I can almost hear Tom and Ray say “Bogus” though I can’t possibly type it like they would say it about the cigarette theory. I don’t think you could light an air filter with a cigarette butt if you tried- without an adding gasoline…

Let your comprehensive insurance fight it out with Toyota. You might send a letter reporting this to the National Highway Traffic and Safety Administration with a copy to Toyota because it is a safety issue. As an experiment, you might purchase an air filter and see if you can set it on fire with a cigarette.
I don’t see how the fire would start with the engine running. I would think the engine would suck the fire out. My dad and brother once ran out of gas. My brother primed the carbiretor and the carburetor caught fire. My dad gunned the engine and it sucked the fire out. I’ve been driving for 58 years and have never heard of a cigarette butt being sucked into the air filter and starting a fire.

A glowing cigarette? No.

A glowing cigar? Yes.

Tester

While this is very unusual I would never dismiss anything as being too odd. While it was not stated, I tend to read this as:
The firefighters did not disassemble the air cleaner housing.
You took pics of the outside of the air cleaner housing.
Neither one of those says anything about what was going on inside of the housing.

If a butt was the cause then I would assume the dealer has evidence in hand and they should show it to you.
The dealer would also be correct in that this would not be a warrantable repair.

The “cigarette butt” story is bogus. Avoid this dealership in the future because they obviously are a corrupt place of business. Dealerships get a bad rap and this is one of the many reasons why.

I am a volunteer fire fighter, unless there is an injury/fatality or suspected arson, we will get the fire out and make sure it will not re start. We will not do a major cause/origin investigation. Sounds like that is what the fire fighters did here. If a fire was big enough to generate enough smoke to get the fire dept invloved, I would be surpised that the air filter was still intact. A cigratte butt would have been long gone at that point. Get your insurance company involved, let them work it out with the car company.

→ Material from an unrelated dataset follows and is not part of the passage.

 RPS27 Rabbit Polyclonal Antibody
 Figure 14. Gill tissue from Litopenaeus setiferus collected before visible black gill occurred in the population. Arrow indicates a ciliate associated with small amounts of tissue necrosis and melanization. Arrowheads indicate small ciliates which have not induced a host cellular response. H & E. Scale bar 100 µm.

Thanks for all the input. The dealer is supposed to call me today with an estimate for what it’s going to cost to fix it. I called my insurance company, and they said they will pay for any damages beyond my deductible ($500), which is fine, but I still want to make sure the car will be safe to drive. How do I know it’s not an electrical problem or something else going on that could cause another fire later on? Are there any other tests they could run to make sure no other components were damaged? Or that the origin of the problem wasn’t something else? I’m attaching pictures of the air filter box and the filter after the firemen took it out.

I’m still trying to wrap my head around how the car died in the first place – could the cigarette have caused that to happen so quickly? I had been driving for maybe 10 minutes, and the car just died. I managed to coast into a parking lot, then it shut down completely. After a few minutes, I could restart the car, but then it died again. Only when the hood was opened did we notice smoke trickling out – it wasn’t pouring out or anything. Seems like everything happened far too quickly and almost under laboratory conditions for this to have occurred.

There’s nothing downstream of the air filter that could cause it to burn. So one has to think something was pulled into the intake before the filter to cause it to catch fire.

The reason the engine probably died is, when the filter caught fire it starved air to the mass air flow sensor and the smoke contaminated sensor wire.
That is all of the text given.